Before he came to Nyack to sit down with his friend Elliott Forrest in 2011, he gave me a few minutes to talk "30 Rock," and where his private and public lives diverge.


It seems like Alec Baldwin is everywhere these days.


Monday night, it was Broadway, as the Roundabout Theatre Company gave him the Jason Robards Award for Theatrical Excellence.


Tonight, it's TV, with Baldwin back on the hit NBC show "30 Rock" as Jack Donaghy, and radio, hosting "The New York Philharmonic This Week," on WQXR, FM105.9.


And Saturday, Alec Baldwin comes to Nyack.


He'll sit down for a conversation with Nyack's Elliott Forrest, another WQXR host, on the set of Nyack High School's coming production of "The Drowsy Chaperone."


The event — a chat about Baldwin's life and career — is a fundraiser for Forrest's ArtsRock and Nyack High's Arts Angels, a parents group that supports performing arts.


That's a lot of ground to cover, but Baldwin will have a lot to talk about, including his plans to leave "30 Rock" at the end of next season. The show just celebrated the taping of its 100th episode on March 10.


"If the show goes on without me that would be great, if that's what everybody wants to do," Baldwin says. "I know that I won't continue with the show after next year."


"There's other things I want to do," he says. "I don't want to talk about it until those things are more firm, but I certainly think that what I've been doing for the last few years, I'm going to be doing as little of that as possible."


Don't try to get an insight into Baldwin's life through the characters he plays. They are, he says, just characters. In other words, he's no Jack Donaghy, the raspy-voiced, one-step-ahead boss to Tina Fey's Liz Lemon on "30 Rock," which is wrapping up its current season. Jack is pragmatic, slightly paranoid and maybe a little loopy.


"I think that's a common thing that happens when you play a character on television," Baldwin says. "Because you're constantly tap tap tapping that character over the wire, so to speak, people assume that might be who you are, and then you're asked to do the same thing all the time. Who I am as a person, I'd like to think, is nothing at all like any character I've played.
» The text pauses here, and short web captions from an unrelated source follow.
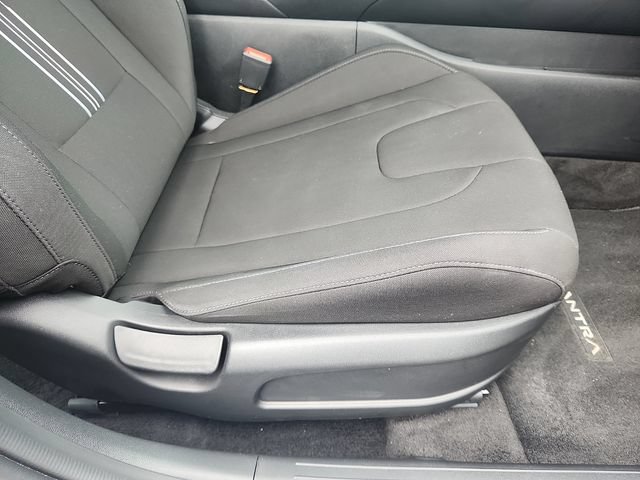Used 2025 Hyundai Elantra Sport w/ Cargo Package FWD image 34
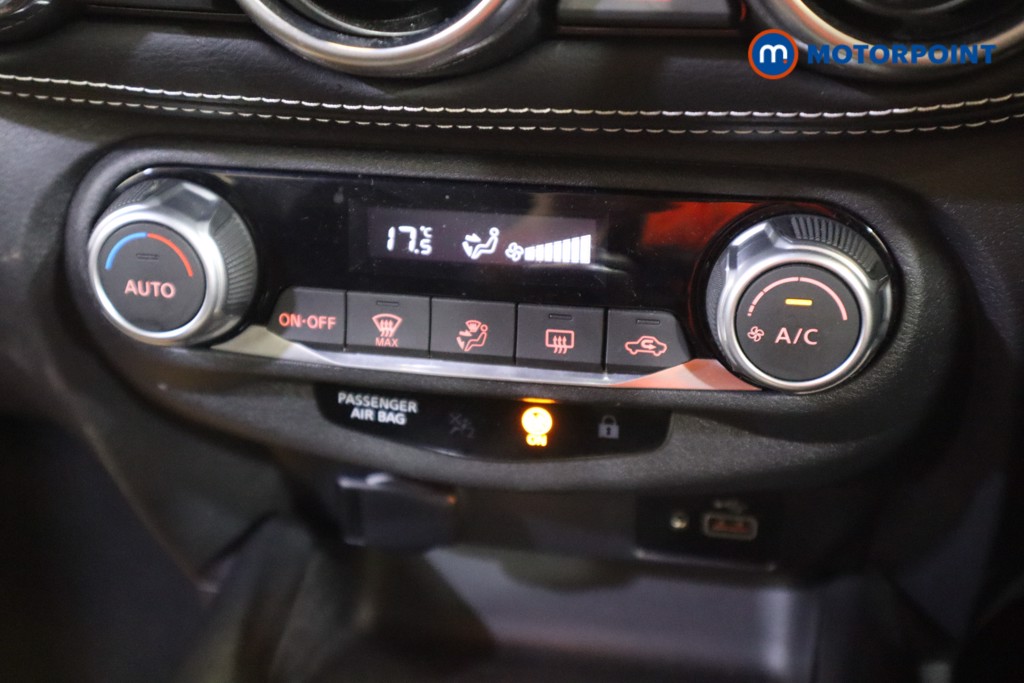 Nissan Juke N-Connecta Manual Petrol SUV - Stock Number (1536849) - 3rd supplementary image
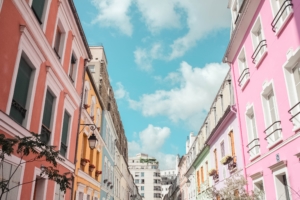 RAINBOW ROW PARIS : RUE CREMIEUX | the belle abroad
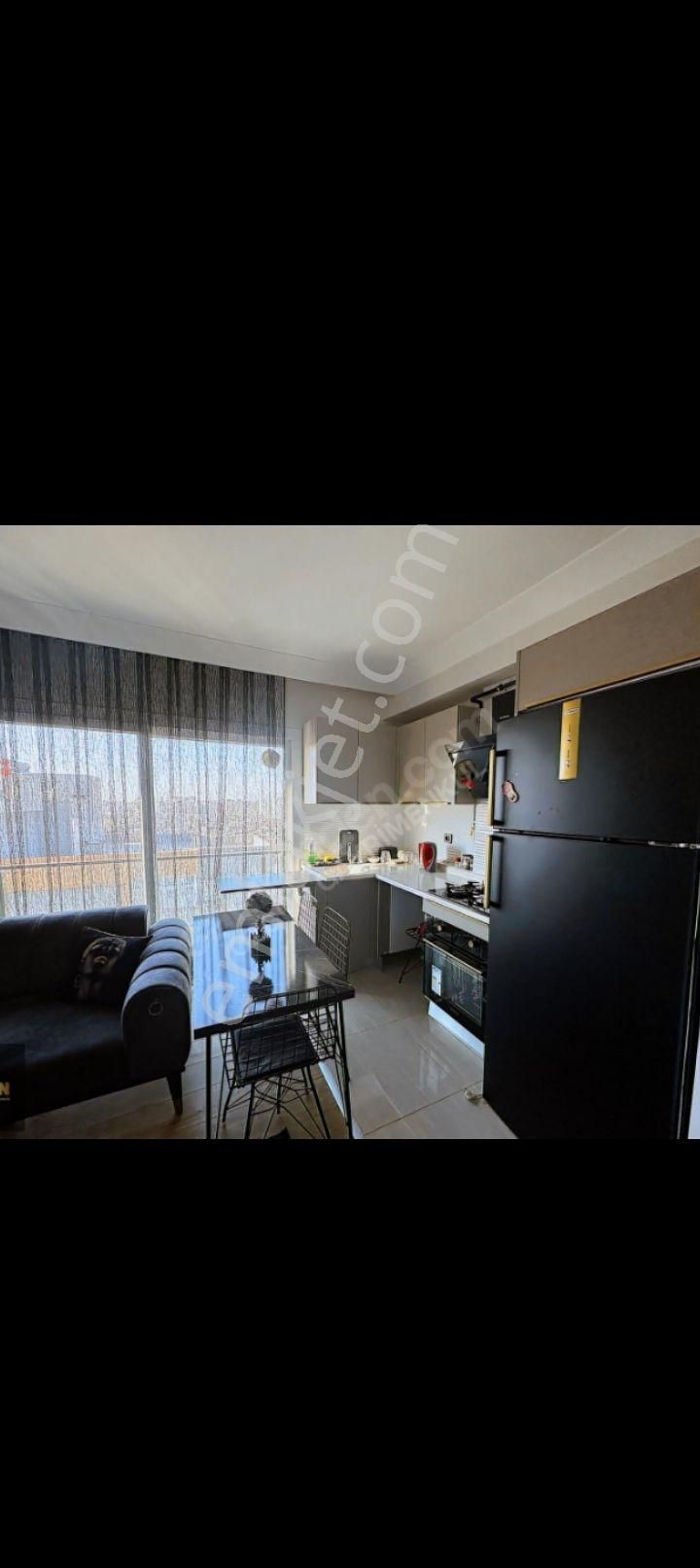 Yeşilyurt Mahallesi'nde Necip Fazıl Bullar Üzeri Eşyalı 1+1 Satılık Daire - Görsel 3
"For me, in my private life, while I certainly can have moments where I'm self-seeking, I try to be as little like Jack as I possibly can."
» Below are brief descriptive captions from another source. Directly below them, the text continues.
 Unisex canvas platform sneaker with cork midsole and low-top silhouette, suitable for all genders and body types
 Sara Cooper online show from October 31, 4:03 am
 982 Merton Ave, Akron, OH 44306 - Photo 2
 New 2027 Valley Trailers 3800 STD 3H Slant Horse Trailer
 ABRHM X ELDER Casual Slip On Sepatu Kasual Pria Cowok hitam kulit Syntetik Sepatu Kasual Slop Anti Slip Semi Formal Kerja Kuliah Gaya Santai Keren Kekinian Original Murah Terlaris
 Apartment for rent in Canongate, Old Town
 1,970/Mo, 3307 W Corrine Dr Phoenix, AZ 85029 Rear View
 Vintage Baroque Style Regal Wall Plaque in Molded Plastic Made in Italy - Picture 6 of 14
Just when you think you might have him figured out, Baldwin shows up in unexpected places — on Turner Classic Movie channel alongside Robert Osborne, waxing sentimental about a classic film.
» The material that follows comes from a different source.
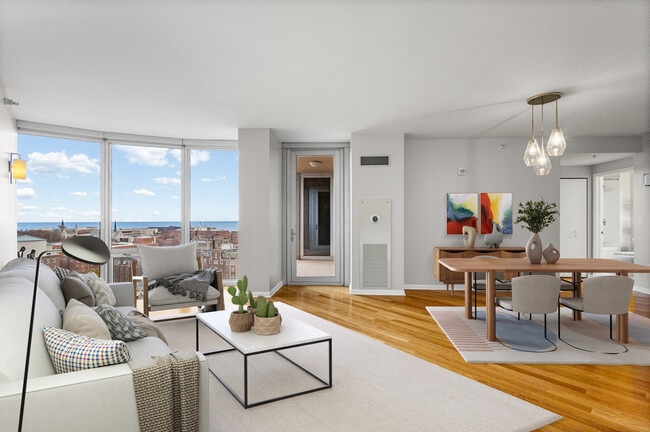 Building Photo - 807 Davis St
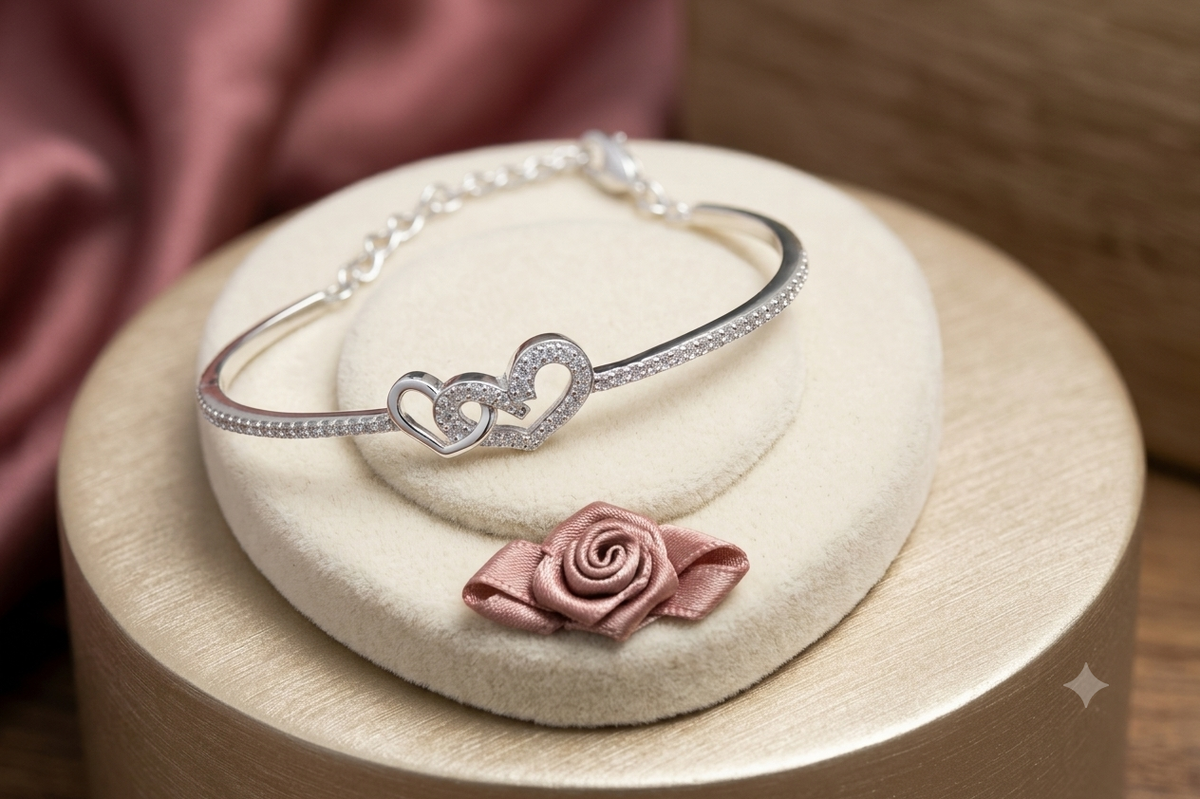 Silver heart in heart ledies kada for girls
Try to peg him as just a movie star, and there he is on the radio as host of "The New York Philharmonic This Week," speaking with authority on Mahler.


If you tuned into the Oscars, you saw another side of Baldwin, as the voice of comic reason, counseling first-time hosts Anne Hathaway and James Franco.


One of his next projects is the film adaptation of the Broadway musical "Rock of Ages," which will star Tom Cruise as an aging rocker. Baldwin plays Dennis, the man who opens the club. He laughs when asked if he would do a Broadway musical.


"I can't sing," he says. "But I would love to do a show on Broadway. I think I have a couple more plays I'd like to do before I completely move on in another direction. Whether they'll be on Broadway, I don't know. But singing is not one of them."


Baldwin looks at the 1992 Broadway production of "A Streetcar Named Desire" — he played Tennessee Williams' brutal creation Stanley Kowalski — as a turning point in his career, when he stopped being grateful just to be at the table and really took over a role.


"I said to myself, 'I'm going to trust my instincts. I know what I want to do,'" he says. "You've got to play the character you see and bring to the character what you have. I played him with a sense of humor, but also viciousness."


Last month, Baldwin got a star on the Hollywood Walk of Fame, but he says that's nothing that even entered the mind of a kid from Massapequa, Long Island.


"I had no fantasies whatsoever about the business," he says. "There were other things I dreamed about and that was not one of them. This is a business I fell into and as time went on, I really grew to love it.


"It's funny how the closer I get toward moving away from it the more difficult that is, because I really do like it now more than ever. It will certainly be an extraordinarily difficult thing to stop doing."